=== Your assignment ===
Copy the material below verbatim from the line with "高中物理 细胞的增殖素材 新人教版必修1-新人教版高一必修1物理素材_第3页" to the line with "Cyprinodon dearborni", both lines included, omitting pictures and every line outside that range.

=== Input data ===
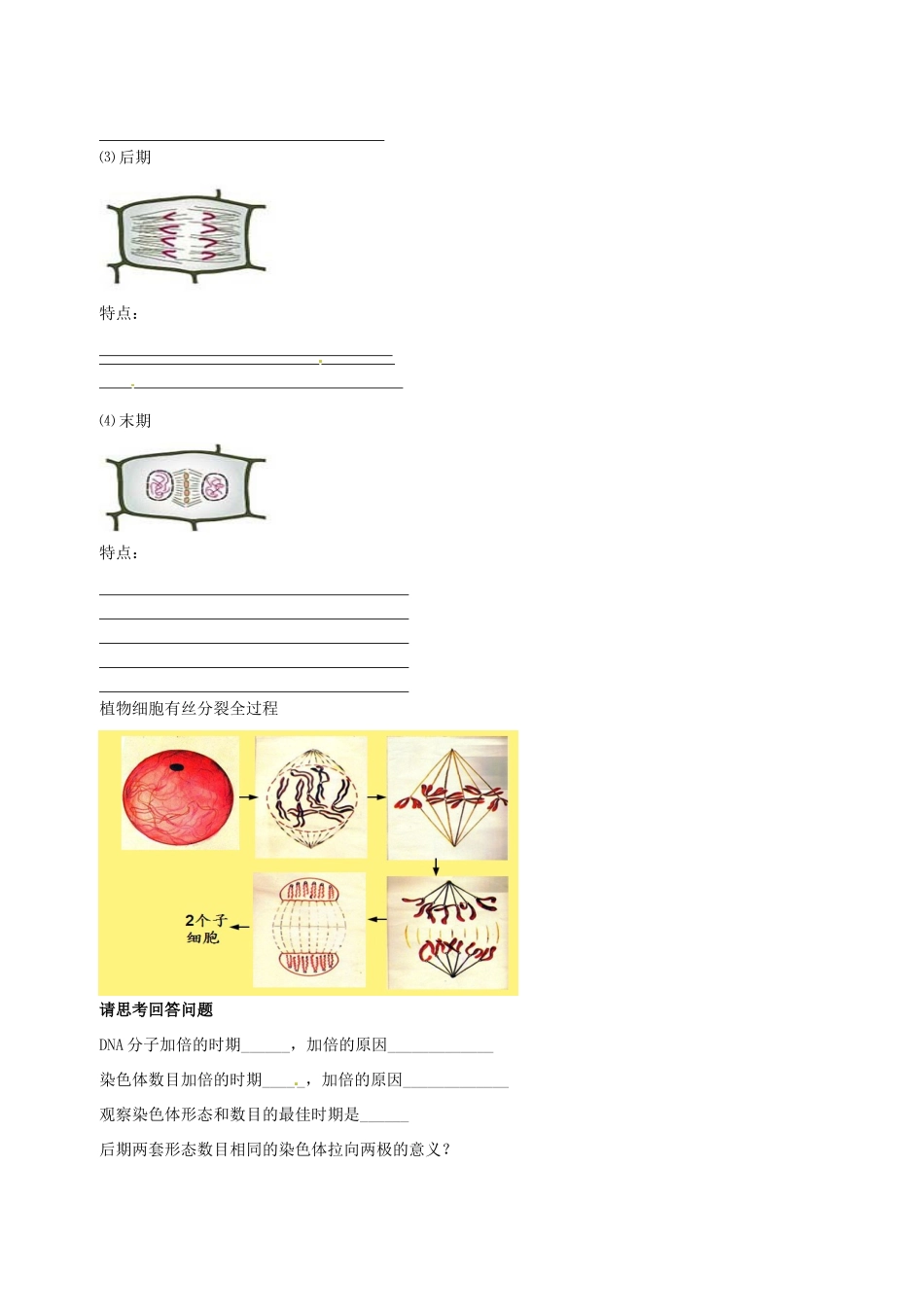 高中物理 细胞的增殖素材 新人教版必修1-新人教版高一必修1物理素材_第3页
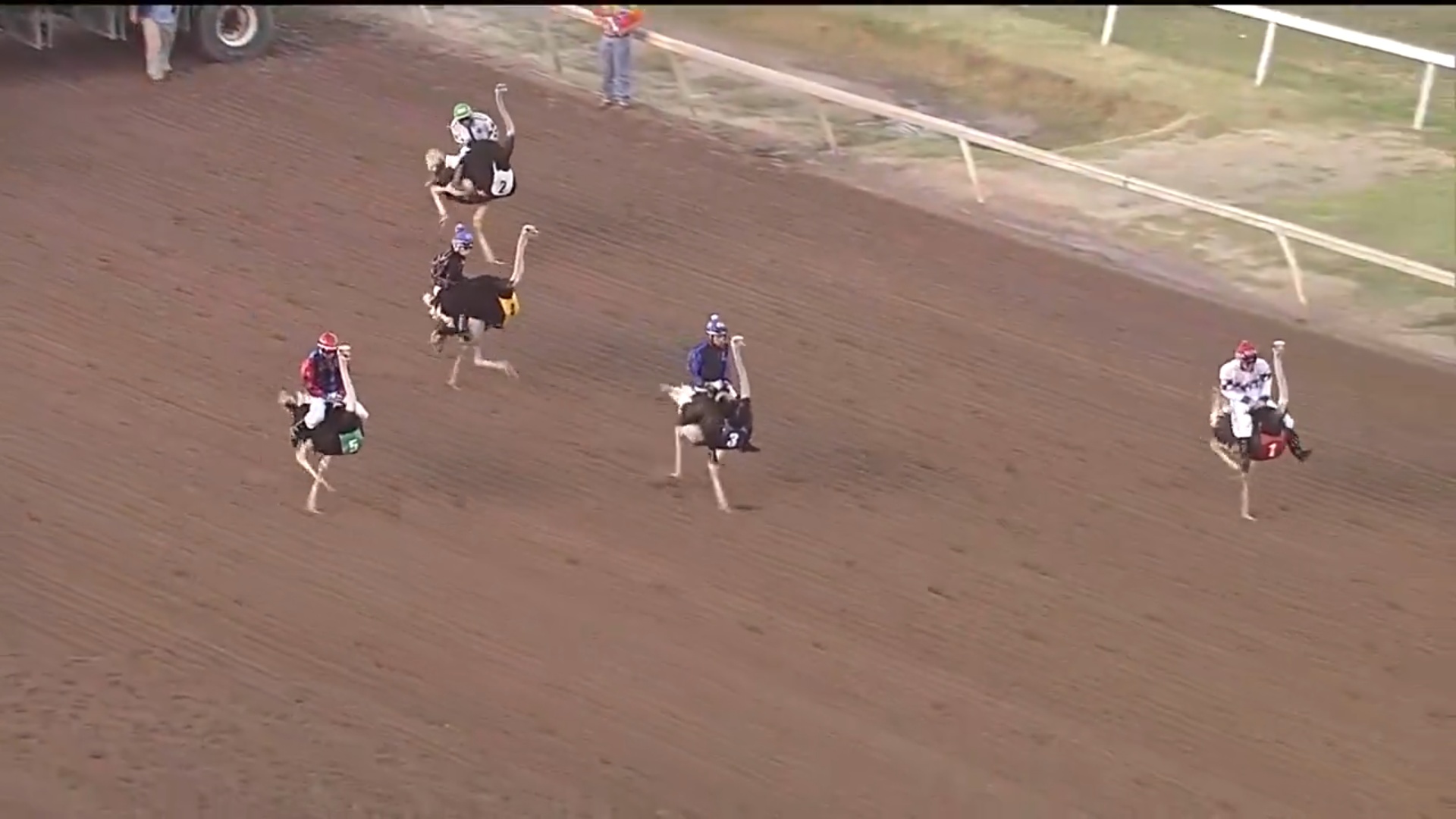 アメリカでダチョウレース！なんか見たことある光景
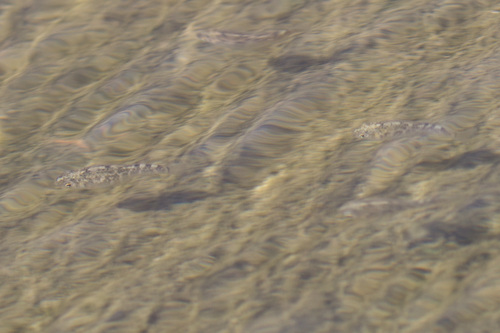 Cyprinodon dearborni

---

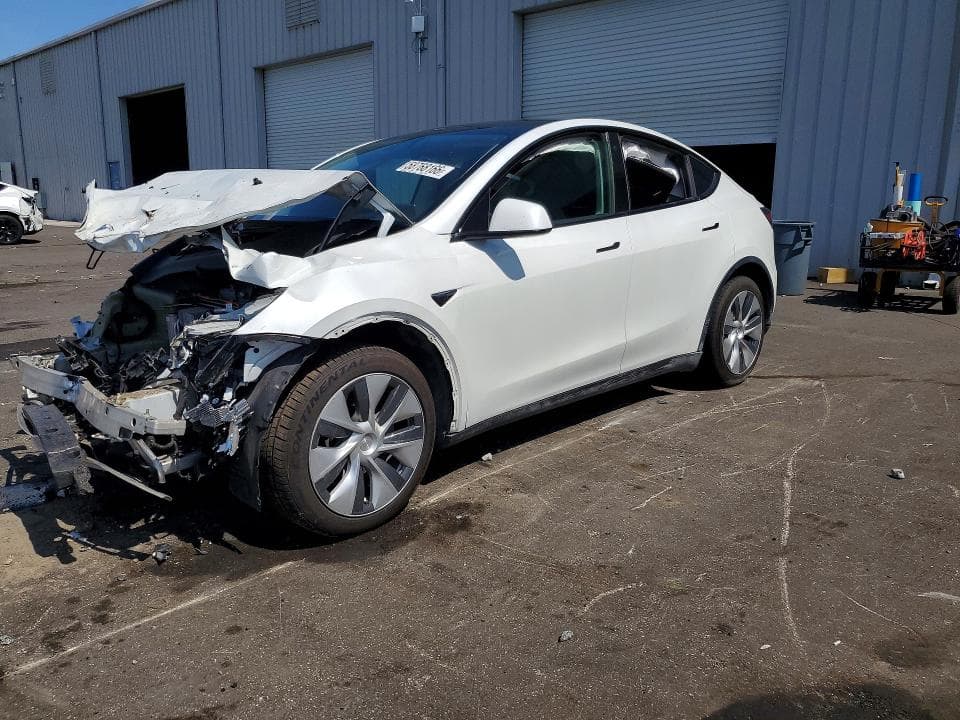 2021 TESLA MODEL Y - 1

* * *

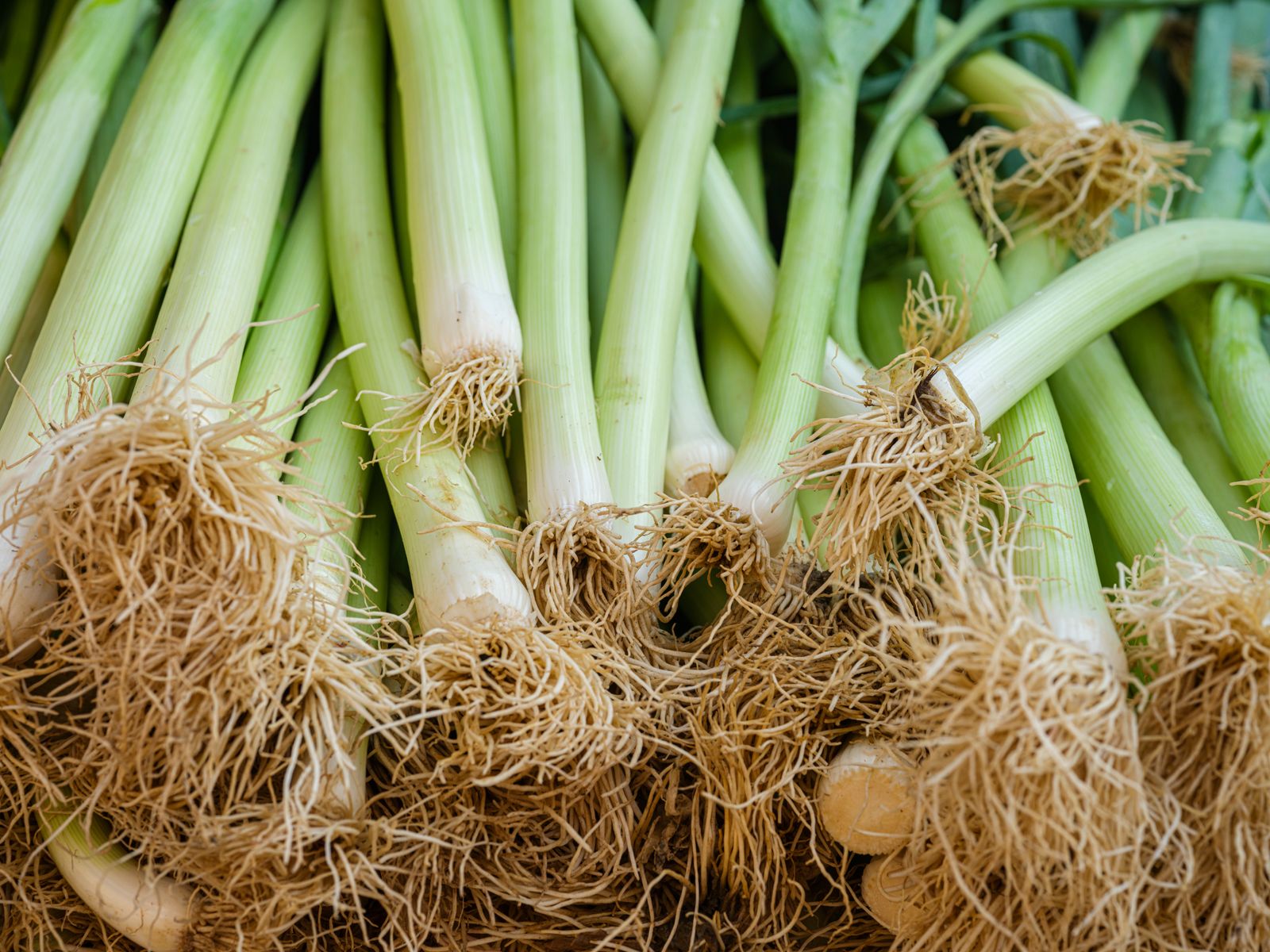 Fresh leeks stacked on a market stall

=== Solution to the problem ===
 高中物理 细胞的增殖素材 新人教版必修1-新人教版高一必修1物理素材_第3页
 アメリカでダチョウレース！なんか見たことある光景
 Cyprinodon dearborni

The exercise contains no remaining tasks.